1) Pushing the camera to its max
I shot most of my first short films using the DVX, and I spent some time discussing the difference, for me, between the DVX and the 7D, which I shoot with today. With the DVX I felt I could really learn the limits of the camera, what it could or couldn’t do, and so really create the best image that the camera could provide. There’s a lot of safety in intimately knowing your tools, and I felt safe when I was using my DVX. While I love the look of the 7D, I often feel frustrated when I get home and dump the footage, because it doesn’t look like I thought it would. The supremely basic look of the D16 meant I had to spend a lot less time on set worrying about veracity of the image when shooting with our prototype–I knew exactly what could be done and how it would look.
2) My background
I’ve actually talked to quite a number of people about how I got involved with the D16 project, but understandably when final edits are due people are much more interested in the camera. I mention here briefly that I attended USC film, and Jared and I went into a little bit about my most recent directorial work, which has been fashion-oriented, and my documentary DP work with END Films.
However, I do have a dark, basement-dwelling side. I’ve been designing games & websites since I was 12, and at USC I did a minor in the IMD program, alongside some pretty impressive peers. My first job was working for USC, writing training documents for the division of the school that helped integrate new technology into the classroom. This gave me a great look into a lot of innovative educational tools that were being developed by teachers for teachers. While still in school I was hired as a UI, UX and game designer for a virtual world, where I ran focus testing, QA, and prototyping on my projects, some of which had budgets in the 6 figures. I continued game work into 2010, when I started working freelance (and stopped eating regularly) as a director and DP. But my background in usability is essentially how I ended up transitioning from director to collaborator on the D16.

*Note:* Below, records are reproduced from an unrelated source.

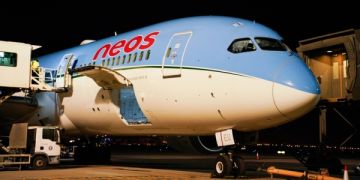 مطار صلالة يستقبل أولى رحلات شركة نيوس الإيطالية القادمة من روما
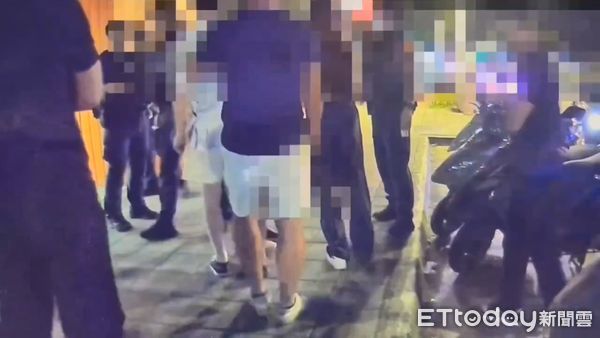 ▲騎車情侶和醉漢發生衝突，導致現場聚集打批人馬中正一警方到場約制。（圖／記者張君豪翻攝）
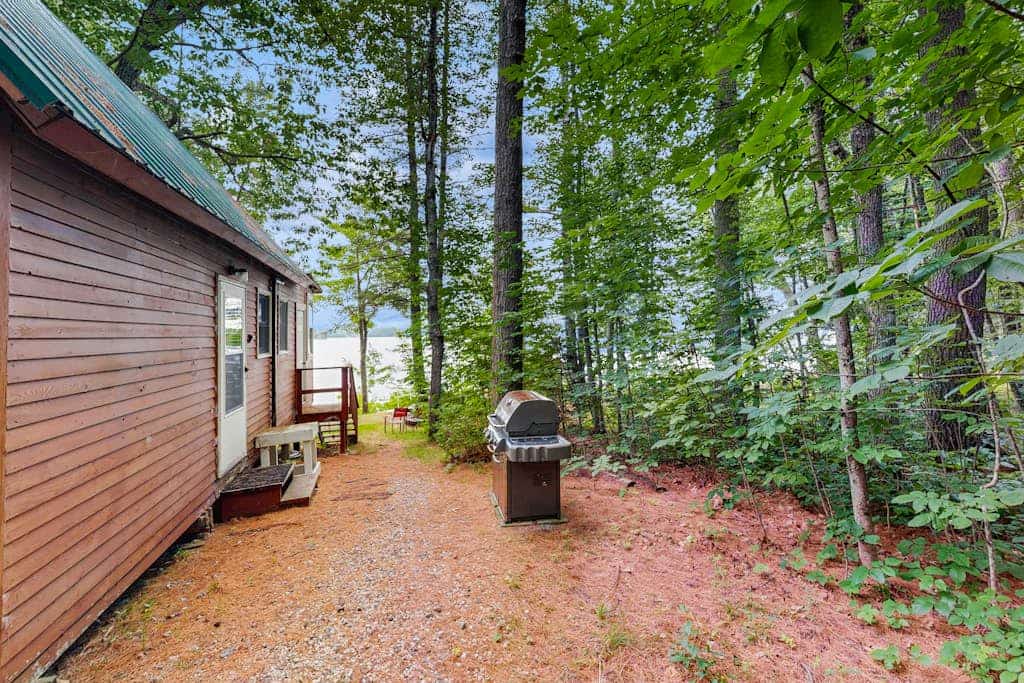 Rustic lakefront cabin w/gas grill, firepit, kayaks, one canoe, A/C - 2 dogs OK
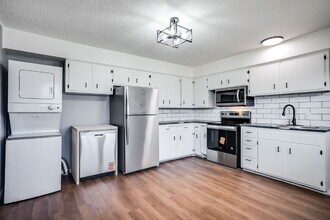 1433 N Kokomo Ave in Derby, KS - Foto de edificio - Building Photo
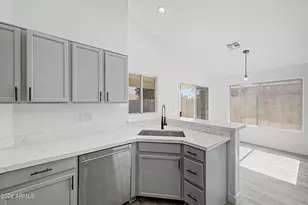 5823 E Hopi Cir, Mesa, AZ 85206 - Photo 19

3) Warranties and technical support
Jared asked me about the warranty on the camera, and I wasn’t prepped on the exact details at the time of the interview, but Joe has confirmed that the D16 will have a 1 year manufacturer’s warranty, like most other cameras. Specifically in regards to the first 100 cameras, however, Joe and I and our Canadian partners will be working directly with the camera owners to deal with any issues that arise as people put these machines to the test. The phrase I’ve been using for our Kickstarter backers is “our ambassadors to the camera community”, and we want to stand by that. We’ll also (just like any other company) have a help line for any technical support.
John Hammond had his T.Rex, and we have a forum! These two things go together because joining our forum is the coolest, most dinolicious way to give Joe your suggestions for camera features. We want to hear from you!
5) John Woo filter
Shouldn’t there be a FCP filter that adds a gun to every free hand on screen? I’d use the hell out if it.